-- PROVIDED RECORDS follows --

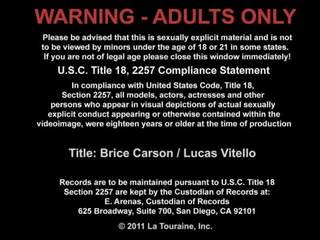 Perverted buddies Brice Carson And Lucas Vitello Screw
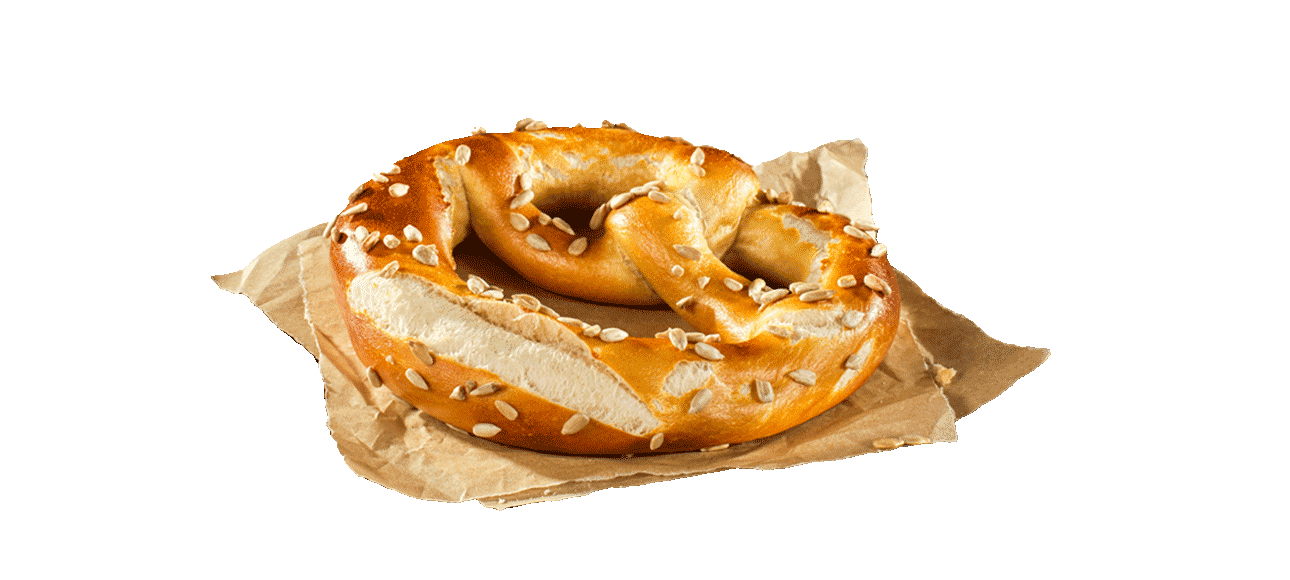 Laugenbrezel mit Sonnenblumenkernen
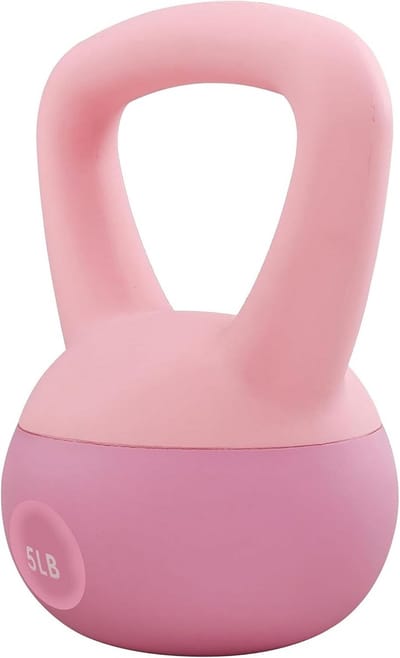 Zachte Kettlebells voor Dames en Heren - Kleurgecodeerde Vinyl Kettlebells, 2,3 kg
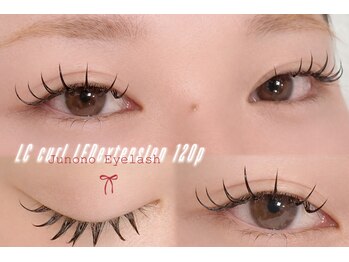 ユノーノ アイラッシュ 静岡店(Junono Eyelash)/LCカール120本デザイン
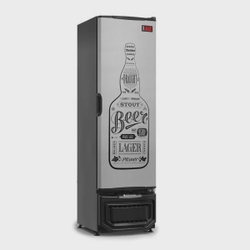 Refrigerador Vertical Cervejeira 230 Litros 127v Frost Free Gelopar Preto Menor preço em Refrigerador Vertical Cervejeira 230 Litros 127v Frost Free Gelopar Preto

-- PROVIDED RECORDS concluded --

▶ _EXERCISE DETAILS_: Write the lines out again exactly, beginning at the one containing "Zachte Kettlebells voor" and ending with the last line of the entries, but without any pictures.

▶ _COMPLETED TASK_:
 Zachte Kettlebells voor Dames en Heren - Kleurgecodeerde Vinyl Kettlebells, 2,3 kg
 ユノーノ アイラッシュ 静岡店(Junono Eyelash)/LCカール120本デザイン
 Refrigerador Vertical Cervejeira 230 Litros 127v Frost Free Gelopar Preto Menor preço em Refrigerador Vertical Cervejeira 230 Litros 127v Frost Free Gelopar Preto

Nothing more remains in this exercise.